:: RECORD EXTRACTS ::
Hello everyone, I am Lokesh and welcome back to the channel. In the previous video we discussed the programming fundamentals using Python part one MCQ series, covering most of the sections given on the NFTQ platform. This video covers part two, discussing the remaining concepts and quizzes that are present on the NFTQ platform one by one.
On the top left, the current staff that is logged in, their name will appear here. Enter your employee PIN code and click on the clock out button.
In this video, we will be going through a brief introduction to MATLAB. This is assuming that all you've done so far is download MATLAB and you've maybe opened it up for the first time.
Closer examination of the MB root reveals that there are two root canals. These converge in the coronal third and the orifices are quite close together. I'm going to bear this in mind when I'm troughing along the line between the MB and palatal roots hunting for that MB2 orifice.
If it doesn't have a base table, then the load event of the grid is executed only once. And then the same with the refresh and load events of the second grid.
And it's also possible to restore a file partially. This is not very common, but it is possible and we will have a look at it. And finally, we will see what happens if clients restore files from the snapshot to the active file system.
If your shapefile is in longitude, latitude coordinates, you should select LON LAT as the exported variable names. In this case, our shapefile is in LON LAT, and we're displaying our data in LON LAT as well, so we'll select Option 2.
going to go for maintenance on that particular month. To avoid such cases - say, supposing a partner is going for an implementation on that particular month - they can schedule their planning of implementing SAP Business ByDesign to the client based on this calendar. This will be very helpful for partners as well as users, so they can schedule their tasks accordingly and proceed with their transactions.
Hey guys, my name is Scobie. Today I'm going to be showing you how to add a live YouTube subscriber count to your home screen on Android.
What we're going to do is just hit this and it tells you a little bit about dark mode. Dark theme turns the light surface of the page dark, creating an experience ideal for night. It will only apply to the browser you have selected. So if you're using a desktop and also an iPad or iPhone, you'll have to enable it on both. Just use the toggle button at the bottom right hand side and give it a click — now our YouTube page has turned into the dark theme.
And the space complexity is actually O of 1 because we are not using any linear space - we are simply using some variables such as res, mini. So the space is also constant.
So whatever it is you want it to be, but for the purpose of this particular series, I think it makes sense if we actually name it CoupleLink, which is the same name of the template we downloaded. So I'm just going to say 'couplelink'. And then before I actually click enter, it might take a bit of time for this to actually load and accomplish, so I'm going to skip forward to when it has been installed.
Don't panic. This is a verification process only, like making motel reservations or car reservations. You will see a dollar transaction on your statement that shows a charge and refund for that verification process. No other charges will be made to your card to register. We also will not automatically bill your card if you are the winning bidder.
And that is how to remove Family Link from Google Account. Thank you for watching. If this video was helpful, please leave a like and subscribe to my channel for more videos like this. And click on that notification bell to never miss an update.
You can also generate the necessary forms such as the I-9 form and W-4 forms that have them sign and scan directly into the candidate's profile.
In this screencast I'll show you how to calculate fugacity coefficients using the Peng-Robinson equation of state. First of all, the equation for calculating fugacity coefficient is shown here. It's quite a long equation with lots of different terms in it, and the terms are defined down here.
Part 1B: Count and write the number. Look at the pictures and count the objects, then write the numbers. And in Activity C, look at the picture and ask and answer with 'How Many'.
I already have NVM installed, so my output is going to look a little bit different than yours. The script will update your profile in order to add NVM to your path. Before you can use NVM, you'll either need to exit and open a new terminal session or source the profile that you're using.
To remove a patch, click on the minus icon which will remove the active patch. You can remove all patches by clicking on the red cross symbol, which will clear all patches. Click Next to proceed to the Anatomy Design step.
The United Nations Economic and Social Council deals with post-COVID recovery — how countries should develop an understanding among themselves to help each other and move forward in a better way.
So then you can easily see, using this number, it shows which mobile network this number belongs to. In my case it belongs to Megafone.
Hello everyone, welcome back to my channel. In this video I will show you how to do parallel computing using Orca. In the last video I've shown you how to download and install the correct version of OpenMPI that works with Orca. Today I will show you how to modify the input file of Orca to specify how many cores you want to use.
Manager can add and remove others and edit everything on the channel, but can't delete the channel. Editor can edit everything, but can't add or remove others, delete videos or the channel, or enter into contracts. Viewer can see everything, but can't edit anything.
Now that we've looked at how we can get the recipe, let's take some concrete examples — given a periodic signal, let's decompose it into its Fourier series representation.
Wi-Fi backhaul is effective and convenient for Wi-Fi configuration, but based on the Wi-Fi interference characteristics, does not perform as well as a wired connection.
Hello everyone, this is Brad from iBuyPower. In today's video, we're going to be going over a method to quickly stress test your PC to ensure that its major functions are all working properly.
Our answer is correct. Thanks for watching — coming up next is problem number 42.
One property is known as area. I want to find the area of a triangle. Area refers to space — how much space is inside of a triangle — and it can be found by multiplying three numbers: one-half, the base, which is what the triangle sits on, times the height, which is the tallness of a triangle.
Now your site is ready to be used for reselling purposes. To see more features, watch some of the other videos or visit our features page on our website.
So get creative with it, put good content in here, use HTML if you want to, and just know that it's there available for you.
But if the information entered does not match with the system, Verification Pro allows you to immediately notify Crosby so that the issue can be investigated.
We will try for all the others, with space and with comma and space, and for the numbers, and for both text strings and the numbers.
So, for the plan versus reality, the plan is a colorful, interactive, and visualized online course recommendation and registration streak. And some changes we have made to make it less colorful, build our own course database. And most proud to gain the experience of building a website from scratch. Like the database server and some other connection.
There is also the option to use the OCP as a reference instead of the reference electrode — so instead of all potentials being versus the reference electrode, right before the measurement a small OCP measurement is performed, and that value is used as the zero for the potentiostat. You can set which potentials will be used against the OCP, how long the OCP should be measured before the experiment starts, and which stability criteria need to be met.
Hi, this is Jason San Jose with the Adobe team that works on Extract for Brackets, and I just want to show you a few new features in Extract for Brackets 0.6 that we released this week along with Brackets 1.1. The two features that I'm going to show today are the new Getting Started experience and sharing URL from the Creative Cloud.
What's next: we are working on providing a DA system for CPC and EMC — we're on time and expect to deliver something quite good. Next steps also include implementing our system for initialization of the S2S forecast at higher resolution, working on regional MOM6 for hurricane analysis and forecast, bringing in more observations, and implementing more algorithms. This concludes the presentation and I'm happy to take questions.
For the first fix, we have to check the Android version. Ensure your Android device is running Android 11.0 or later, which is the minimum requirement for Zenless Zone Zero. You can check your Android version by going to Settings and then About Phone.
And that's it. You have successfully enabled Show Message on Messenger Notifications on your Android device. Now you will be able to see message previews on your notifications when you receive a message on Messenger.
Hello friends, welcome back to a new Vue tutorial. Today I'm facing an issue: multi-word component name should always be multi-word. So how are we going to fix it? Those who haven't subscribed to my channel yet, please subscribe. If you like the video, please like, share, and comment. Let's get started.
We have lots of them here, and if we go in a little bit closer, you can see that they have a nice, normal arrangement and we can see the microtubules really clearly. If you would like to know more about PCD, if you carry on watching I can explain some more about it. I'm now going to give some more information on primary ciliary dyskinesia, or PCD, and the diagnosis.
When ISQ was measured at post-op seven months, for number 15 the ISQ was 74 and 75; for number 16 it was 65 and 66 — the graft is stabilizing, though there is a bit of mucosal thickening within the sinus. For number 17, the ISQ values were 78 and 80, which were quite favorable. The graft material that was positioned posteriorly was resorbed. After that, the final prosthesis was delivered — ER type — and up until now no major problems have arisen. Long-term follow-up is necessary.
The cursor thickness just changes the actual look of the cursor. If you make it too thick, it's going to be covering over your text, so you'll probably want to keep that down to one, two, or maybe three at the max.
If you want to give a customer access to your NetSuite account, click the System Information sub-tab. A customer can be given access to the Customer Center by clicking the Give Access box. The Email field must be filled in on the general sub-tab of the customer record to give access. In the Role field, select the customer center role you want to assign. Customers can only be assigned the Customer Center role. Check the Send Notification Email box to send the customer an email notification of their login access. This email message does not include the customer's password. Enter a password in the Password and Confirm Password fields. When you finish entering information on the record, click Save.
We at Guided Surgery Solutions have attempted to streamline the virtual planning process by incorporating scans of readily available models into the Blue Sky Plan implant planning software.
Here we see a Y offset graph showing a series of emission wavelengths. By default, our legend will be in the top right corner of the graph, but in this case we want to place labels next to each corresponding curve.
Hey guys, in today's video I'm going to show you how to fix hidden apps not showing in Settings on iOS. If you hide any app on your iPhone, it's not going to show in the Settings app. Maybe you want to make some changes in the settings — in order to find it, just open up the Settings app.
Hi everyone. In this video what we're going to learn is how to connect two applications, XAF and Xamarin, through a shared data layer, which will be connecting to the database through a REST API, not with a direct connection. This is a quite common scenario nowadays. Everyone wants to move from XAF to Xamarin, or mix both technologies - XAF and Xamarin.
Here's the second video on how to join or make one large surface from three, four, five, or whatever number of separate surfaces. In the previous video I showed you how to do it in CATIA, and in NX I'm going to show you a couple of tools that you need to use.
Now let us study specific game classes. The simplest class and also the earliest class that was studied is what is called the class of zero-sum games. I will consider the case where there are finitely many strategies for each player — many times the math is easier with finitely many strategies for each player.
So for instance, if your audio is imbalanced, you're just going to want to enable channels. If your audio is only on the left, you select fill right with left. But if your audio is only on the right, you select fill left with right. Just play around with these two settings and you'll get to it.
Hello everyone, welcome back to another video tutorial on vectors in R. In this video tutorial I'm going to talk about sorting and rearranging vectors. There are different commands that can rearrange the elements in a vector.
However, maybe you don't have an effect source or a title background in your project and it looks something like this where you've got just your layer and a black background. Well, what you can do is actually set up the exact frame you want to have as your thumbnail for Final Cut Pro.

:: WHAT THE TASK ASKS ::
Only those lines of the entries above that run from the line containing "In this screencast" to the line containing "So then you", both included, should be transcribed exactly.

:: RESPONSE ::
In this screencast I'll show you how to calculate fugacity coefficients using the Peng-Robinson equation of state. First of all, the equation for calculating fugacity coefficient is shown here. It's quite a long equation with lots of different terms in it, and the terms are defined down here.
Part 1B: Count and write the number. Look at the pictures and count the objects, then write the numbers. And in Activity C, look at the picture and ask and answer with 'How Many'.
I already have NVM installed, so my output is going to look a little bit different than yours. The script will update your profile in order to add NVM to your path. Before you can use NVM, you'll either need to exit and open a new terminal session or source the profile that you're using.
To remove a patch, click on the minus icon which will remove the active patch. You can remove all patches by clicking on the red cross symbol, which will clear all patches. Click Next to proceed to the Anatomy Design step.
The United Nations Economic and Social Council deals with post-COVID recovery — how countries should develop an understanding among themselves to help each other and move forward in a better way.
So then you can easily see, using this number, it shows which mobile network this number belongs to. In my case it belongs to Megafone.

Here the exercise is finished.